Cardboard Gangsters is a must see at the cinema with its blockbuster performances and harrowing human moments.
Direction
Cinematography
Acting
Screenplay
Score
Reader Rating0 Votes
4.4

Out in cinemas on June 16th is Cardboard Gangsters starring John Connors from a script written by Connors himself with Mark O’Connor. The story of Cardboard Gangsters follows Jason Connolly (Connors), a young man from Darndale in Dublin. He lives with his mother and hangs around the neighbourhood with his childhood friends Dano (Fionn Walton) Glenner (Paul Alright) and Cobbie (Ryan Lincoln). He lives a relatively unremarkable life DJing on the weekend and scraping by to save up for a life in Spain. Then one day a glimmer of a better life offers itself to Jason and his friends, the cost of this “better” life, however, could be too much for Jason and his comrades.

John Connors and Mark O’Connor have crafted a world filled with grime and broken promises with actual people, not characters. Darndale is its own character, it’s heavily scarred, and the people that inhabit it are only making matters worse. A prime candidate for this poisonous element is Derra Murphy (Jimmy Smallhorne) who controls the majority of the drug trafficking in Darndale with an iron fist. He comes into conflict with Jason several times throughout the film and each time the situation escalates, think of something akin to a boxing match and as each round begins the two combatants are becoming more desperate and vicious. And this is another interesting element of Cardboard Gangsters, the violence on show is bloody and authentic, so authentic that at times I found myself having to turn away from it. O’Connor knows when to use the dramatic effect of violence to its fullest potential, pulling the reigns back to give intimate moments of terror and then ramping up the intensity when it needs to feel necessary to the narrative.

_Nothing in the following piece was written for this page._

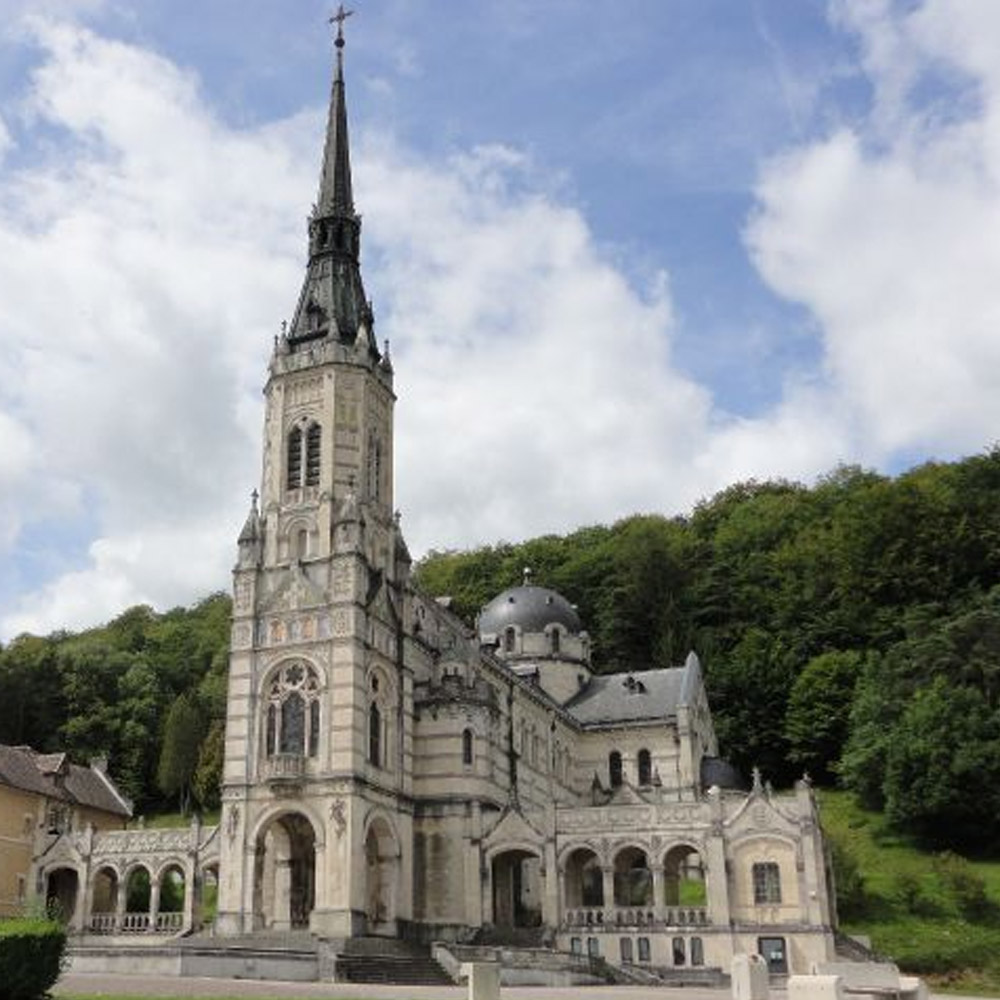 Basilique Sainte Jeanne d&rsquo;arc du Bois Chenu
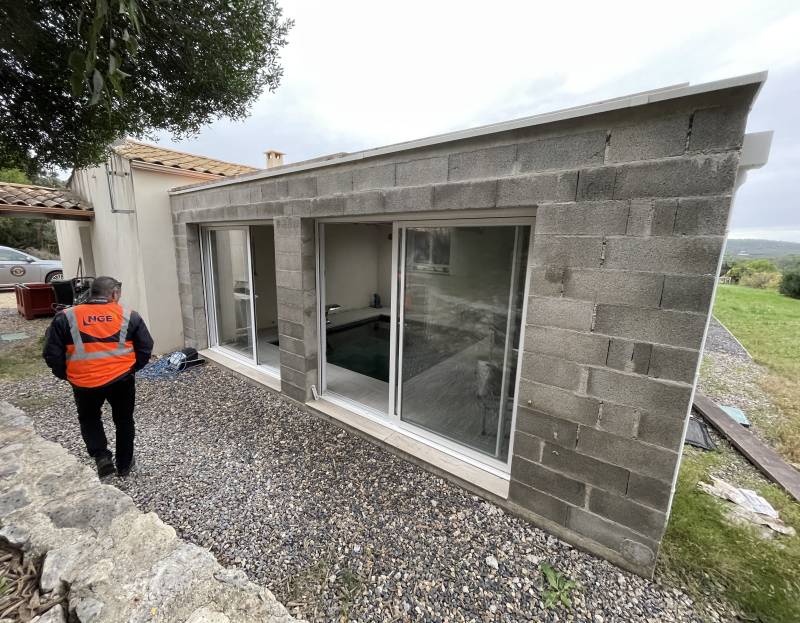 Maison Loucassie extension de maison à  Fontvieille proche d'Arles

Cardboard Gangsters Scannain Review

The violence of Cardboard Gangsters is not the only aspect that has an authenticity to it though; the score also brings an all too familiar sense of reality with it. Many of the scenes are filled with the techno beats young Irish people grew up with, some would say to annoy their parents and authority figures, and this banging score is accompanied by an exotic cinematic flair. The people of Darndale and Coolock are put on show here warts and all, and you get to see the various shades of life that these people have to live in. They openly discuss drugs at playgrounds, chit chat about killing their competitors in nightclubs and they brandish guns in family homes almost as if they were second nature.

These are just a small portion of the disturbing scenes within Carboard Gangsters, a particular highlight for myself includes Jason, Dano and a chainsaw but I’ll say no more on that. On the character of Dano, Fionn Walton steals a lot of scenes as the headstrong fool of Jason’s group. He’s got a charm that wants you to hate him, but your eyes are always drawn to him when he’s in a scene. His first scene was such a fascinating look at the kind of individuals who can be born in areas like Darndale. There is a fence between him and another character and the way the scene is framed and the way he moves he comes across as a caged lion, a dangerous creature that could bring down a lot of destruction on everyone around him, friend and foe.

If there were any issues it was the slight predictability of the overall story. A young, smart, up and coming gangster with a heart of gold who wishes to rise above his ranks is nothing original and even the innovative screenplay hits some familiar story beats as the film comes crashing to its bloody end. Ultimately though this sense of familiarity doesn’t stop Cardboard Gangsters from being a must see at the cinema with its blockbuster performances and harrowing human moments.